2. The state has preferred charges under section 19A of the Criminal Law (Sexual Offences and Related Matters) Amendment Act 32 of 2007 as amended. It is not alleged that the appellant and accused 1 created, made or produced child pornography. The offence related to the online distribution and sale of child sexual abuse material.
3. There are also charges under the Prevention of Organised Crime Act 121 of 1998 relating to the acquisition, possession or using the proceeds of unlawful activities. The state relies in this regard on section 6, alternatively section 4(b)(a) of the above Act. There is also a charge of fraud, possession of stolen property and the possession and use of drugs.
4. The state submits that the charges that relate to the dissemination of pornography are schedule 1 offences. However, it is submitted that the charges that relate to contraventions of POCA are schedule 5 offences and accordingly, that the provision of sections 60(11)(b) of the Criminal Procedure Act of 1977 applies. This section places an onus on the accused to adduce evidence which satisfies the court that the interest of justice permits his or her release on bail.
5. The state filed an affidavit before the lower court of Warrant Officer Boshoff opposing the grant of bail to accused 1 and the appellant. Warrant Officer Boshoff is stationed at the SECI unit in Johannesburg. He is the investigating officer in the matter. He explains in his affidavit as follows:
5.1 The investigation originated when an under aged girl in the United States of America reported a case of ‘sextortion’ to the Federal Bureau of Investigation (FBI).
5.2 The FBI Cyber Investigation traced the offence to an online pornographic website known as “DankmegaZ” which was found to host extensive child sexual abuse material.
5.3 The administrator of the site was identified as a South African national, confirmed to be accused 1.
5.4 The USA police authorities conducted undercover operations and made control purchases of child pornography from the DankmegaZ website.
5.5 After establishing that the website administrator was located in South Africa, the information was forwarded to the South African Police Services.
6. Warrant Officer Boshoff details in his affidavit the fact that accused 1 was difficult to trace.

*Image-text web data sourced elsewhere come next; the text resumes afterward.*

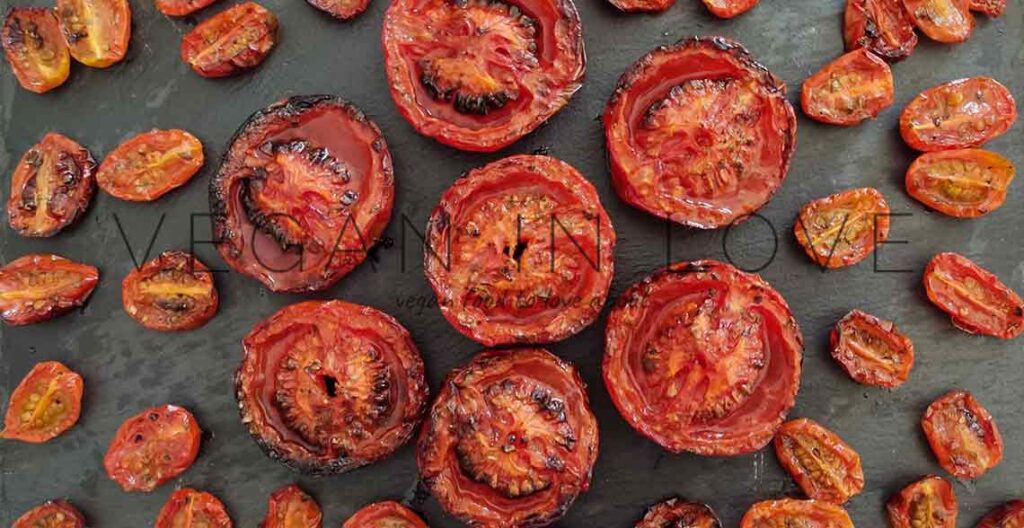 Mouthwatering & aromatic roasted tomatoes made with fresh vine & mini plum tomatoes. This homemade recipe is great as a side dish & to make soup, sauce, or stew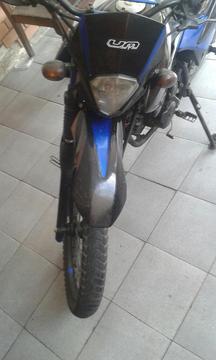 Se Vende Moto Um Dsr Año 2013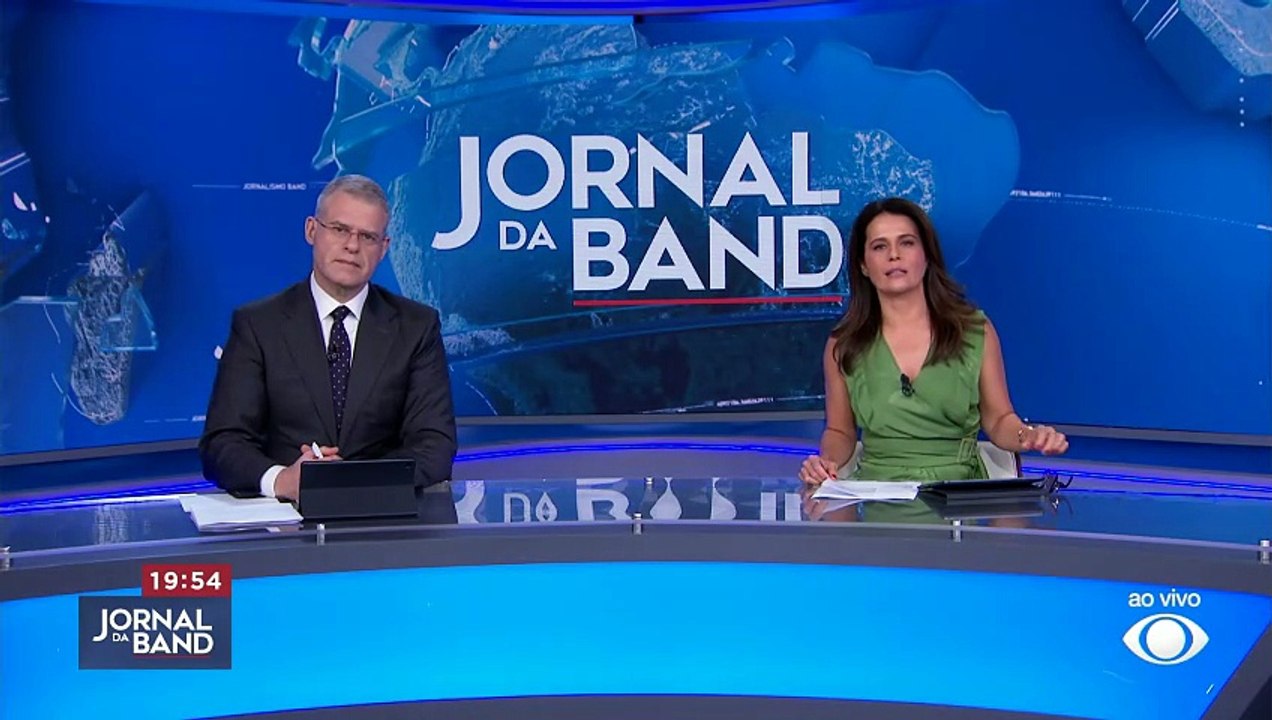 Lauana Prado fala sobre susto em voo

He was eventually found and arrested at his residential address and business premises, also occupied by the appellant. The police found at the premises a digital infrastructure used to run the alleged illegal online business distributing child pornography. Digital devices, storage media and records seized linked accused 1 directly to the website operations.
7. Warrant Officer Boshoff alleges that subsequent investigation revealed that the appellant played a major role in the daily operations of the website and the associated business. Her electronic devices were seized and analysed and this showed that the appellant had attempted to delete or destroy evidence after the arrest of accused 1, in order to conceal her role in the running of the website. Fortunately however, investigators were able to secure and mirror the incriminating data on alternative devices before the information could be erased. The appellant was arrested thereafter once her active involvement had been confirmed through the recovered evidence.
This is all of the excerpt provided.